■ Exercise brief: Copy down the listing below exactly. Do not include pictures.
+++ Recorded information
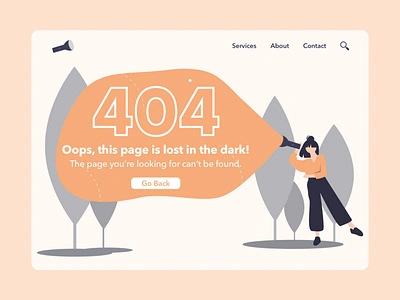 Daily UI - 404 Page 008 404 404 page 404page dailyui dailyui 008 design mockup orange sketch web design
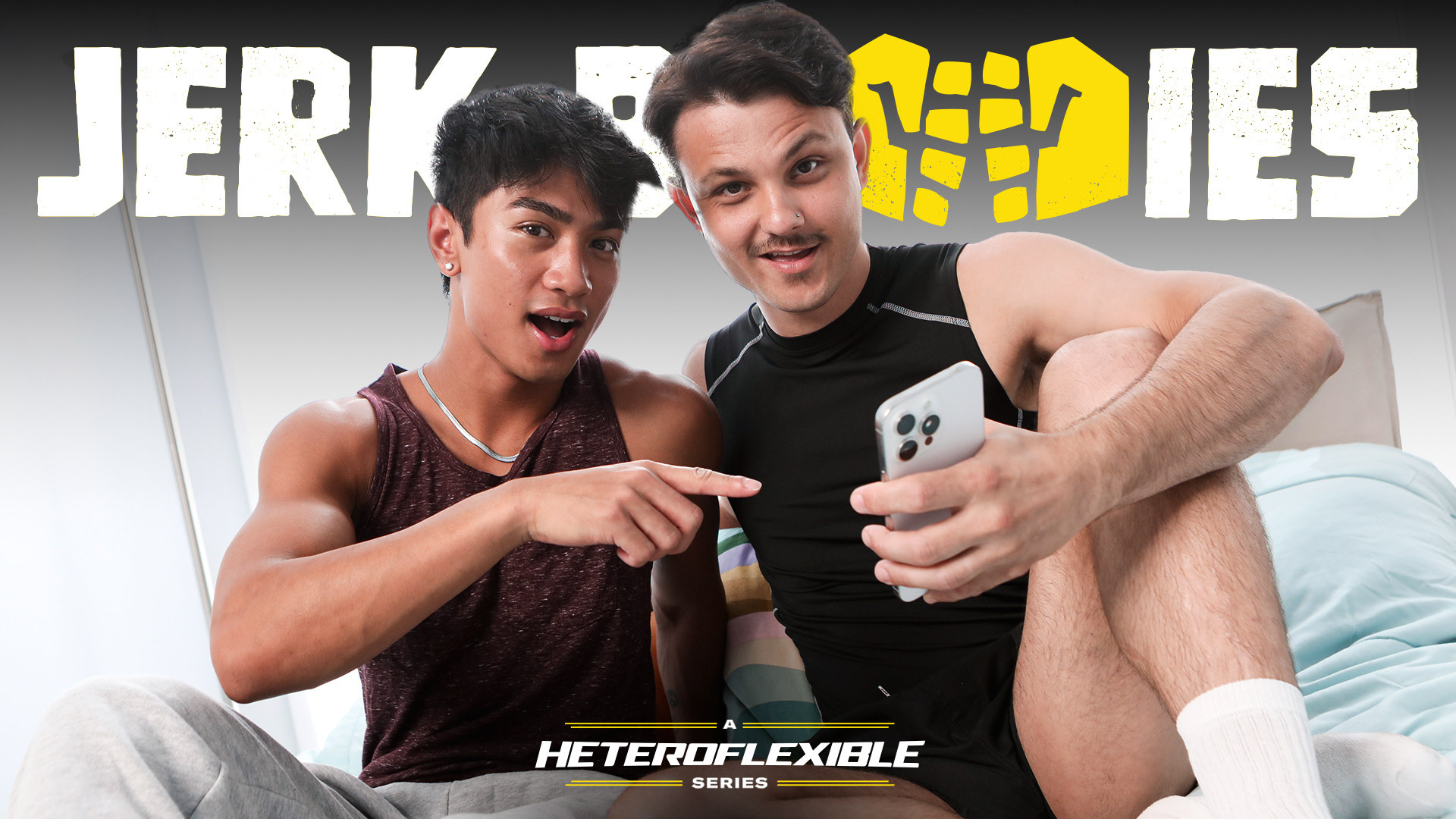 JerkBuddies-We Can Just Imagine It's A Chick Touching Us, Bud!-Enzo Muller, Luca Knight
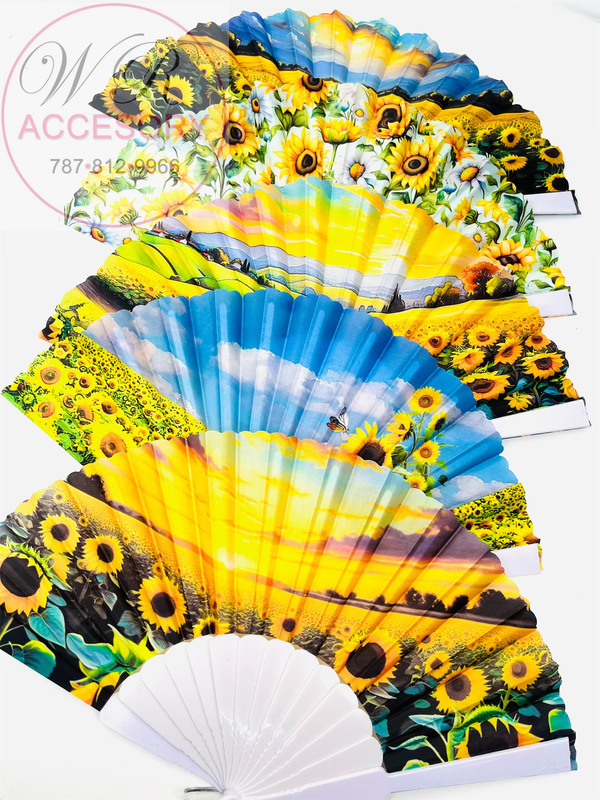 RNT-1575R Abanico de mano 12 PCs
++++++
■ Problem solution:
 Daily UI - 404 Page 008 404 404 page 404page dailyui dailyui 008 design mockup orange sketch web design
 JerkBuddies-We Can Just Imagine It's A Chick Touching Us, Bud!-Enzo Muller, Luca Knight
 RNT-1575R Abanico de mano 12 PCs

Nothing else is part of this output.